DualSplat: Robust 3D Gaussian Splatting via Pseudo-Mask Bootstrapping from Reconstruction Failures
Abstract
3D Gaussian Splatting achieves real-time photo-realistic rendering but struggles when training images contain transient objects that violate multi-view consistency. Existing methods face a fundamental dilemma: accurate transient detection requires well-reconstructed static scenes, yet clean reconstruction depends on reliable transient masks. This circular dependency causes persistent artifacts when both components are jointly optimized from poor initialization. We present DualSplat, a two-stage framework which sidesteps this dilemma by first generating pseudo masks from reconstruction failures, then using them to guide clean scene optimization.

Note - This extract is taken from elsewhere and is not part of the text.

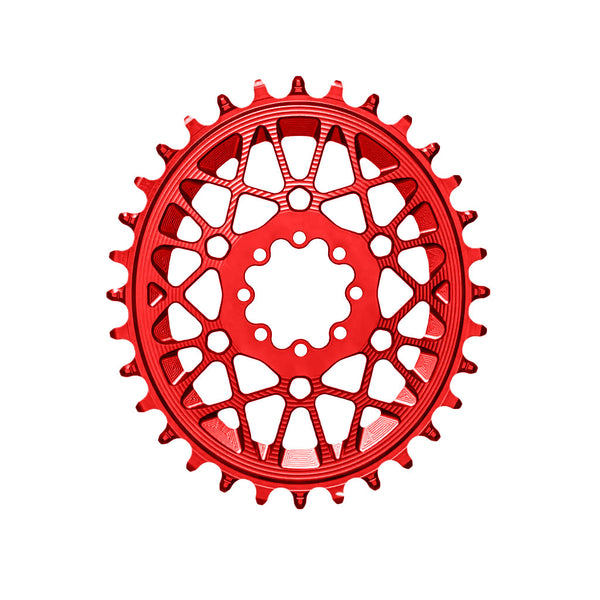absoluteBLACK T-Type Direct Mount Chainring 28T Red absoluteBLACK T-Type Direct Mount Chainring 30T Red absoluteBLACK T-Type Direct Mount Chainring 32T Red absoluteBLACK T-Type Direct Mount Chainring 34T Red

We observe that transient objects manifest as incomplete fragments during initial training, since they appear in only a subset of views. We consolidate these failures into pseudo masks via instance-level thresholding and a feature-residual filter guided by SAM2 boundaries. Then we trains a clean 3DGS model under pseudo-mask supervision, with a lightweight MLP refining masks online by progressively shifting from pseudo-priors to self-consistency as densification proceeds. Experiments on RobustNeRF and NeRF On-the-Go demonstrate that DualSplat achieves competitive performance with recent methods, with particularly strong results on scenes with high transient density.